» **Work instructions**
The lines to print run from the top of the material below to the line with "平铺~得物可二开抖音重磅假两", inclusive; please copy them exactly, without pictures.
━━ Information ━━
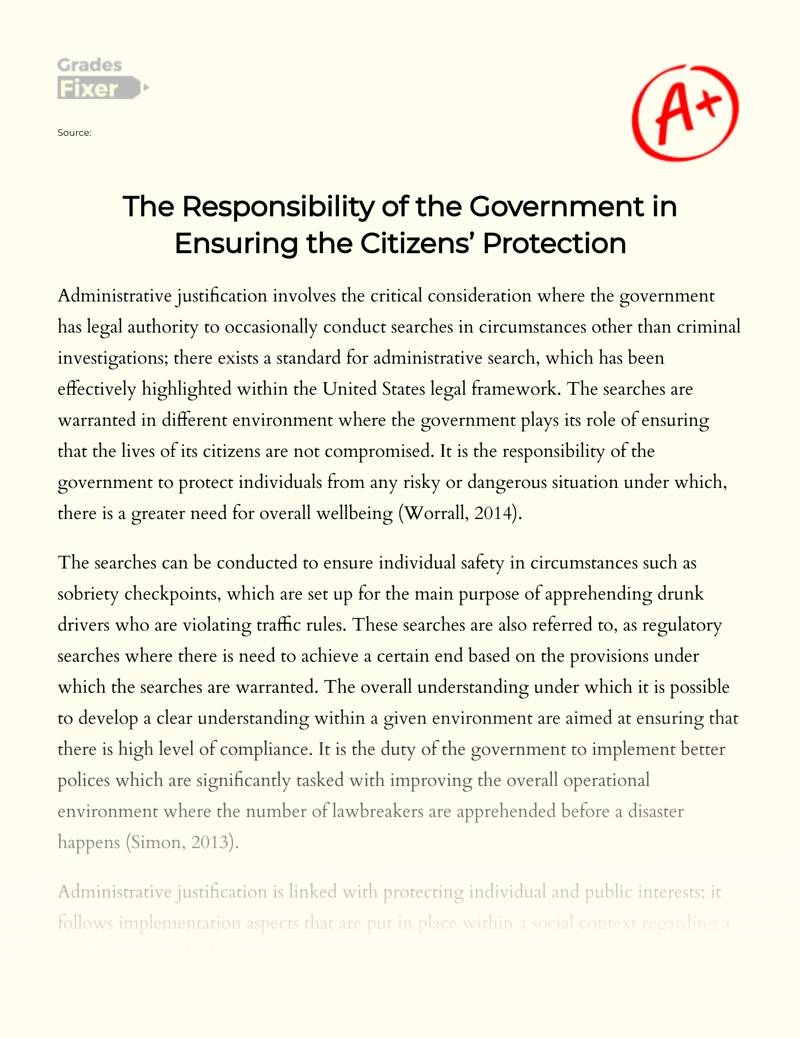 The Responsibility of The Government in Ensuring The Citizens’ Protection Essay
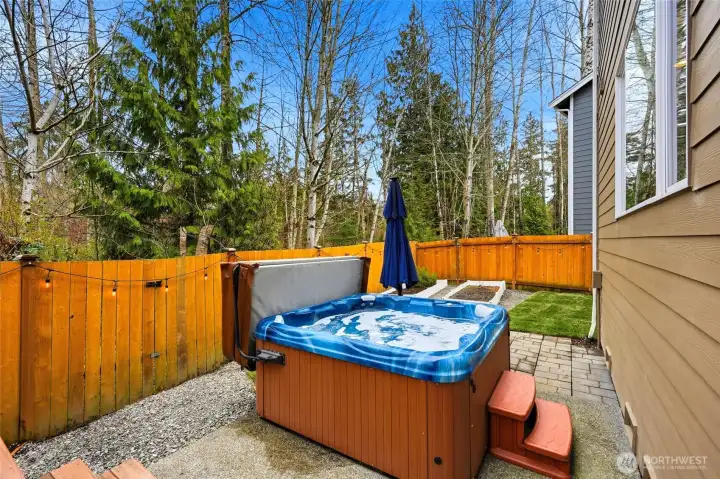 A hotub in the middle of the forest is the perfect place to spend the evening. A hotub in the middle of the forest is the perfect place to spend the evening.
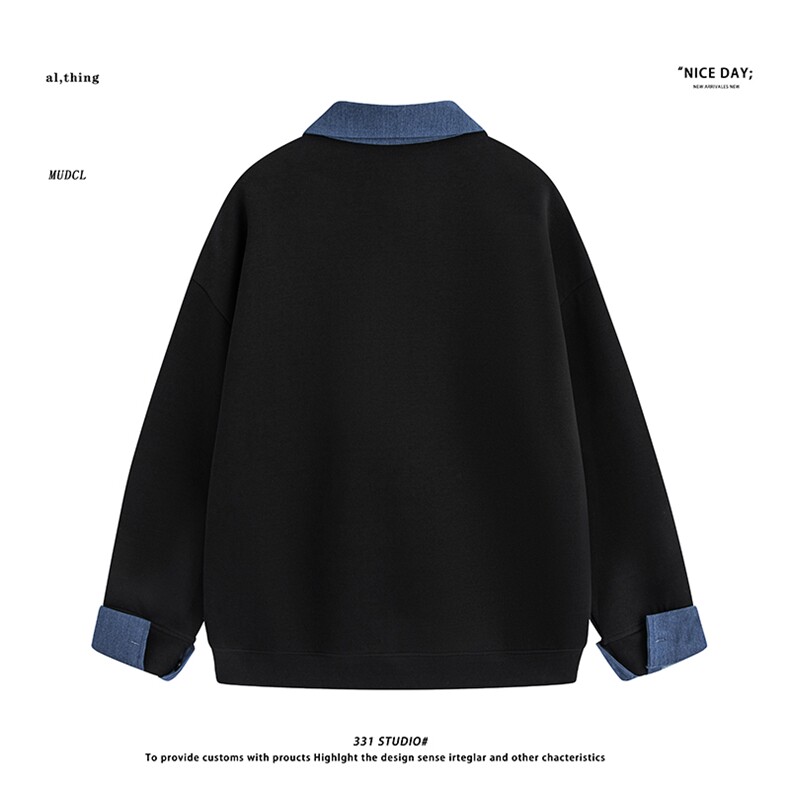 平铺~得物可二开抖音重磅假两件春季卫衣YJ6005/P88,男装卫衣,电商B331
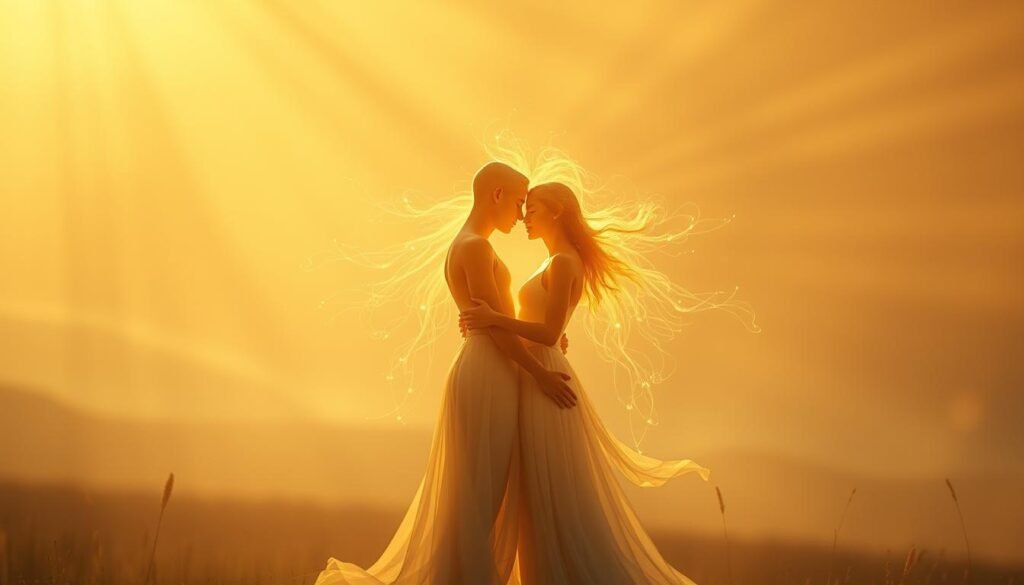 A serene, otherworldly landscape bathed in soft, warm light. In the foreground, two ethereal figures, their essences entwined, radiate a profound spiritual connection. Beams of golden light emanate from their intertwined forms, symbolizing the divine guidance and cosmic synchronicity of twin flames. In the middle ground, wisps of ethereal energy swirl, hinting at the metaphysical currents that bind these souls. The background fades into a hazy, dreamlike realm, evoking a sense of timelessness and the infinite nature of the twin flame journey. Lens: wide, slightly angled. Lighting: heavenly, diffuse. Mood: transcendent, mystical. A serene, otherworldly landscape bathed in soft, warm light. In the foreground, two ethereal figures, their essences entwined, radiate a profound spiritual connection. Beams of golden light emanate from their intertwined forms, symbolizing the divine guidance and cosmic synchronicity of twin flames. In the middle ground, wisps of ethereal energy swirl, hinting at the metaphysical currents that bind these souls. The background fades into a hazy, dreamlike realm, evoking a sense of timelessness and the infinite nature of the twin flame journey. Lens: wide, slightly angled. Lighting: heavenly, diffuse. Mood: transcendent, mystical.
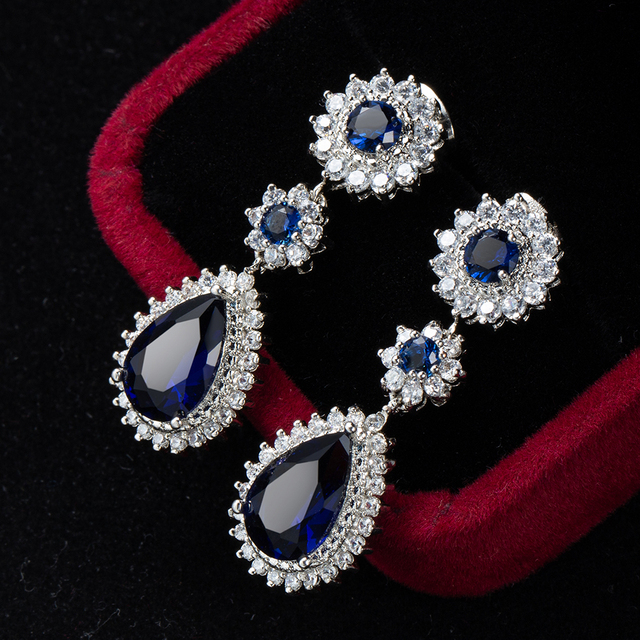 Kolczyki wiszące luksusowy skarb w kształcie gruszki, królewskie niebieskie z cyrkonią - idealny prezent na Boże Narodzenie dla kobiet - Wianko - 4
━━━
» **Output for this task**
 The Responsibility of The Government in Ensuring The Citizens’ Protection Essay
 A hotub in the middle of the forest is the perfect place to spend the evening. A hotub in the middle of the forest is the perfect place to spend the evening.
 平铺~得物可二开抖音重磅假两件春季卫衣YJ6005/P88,男装卫衣,电商B331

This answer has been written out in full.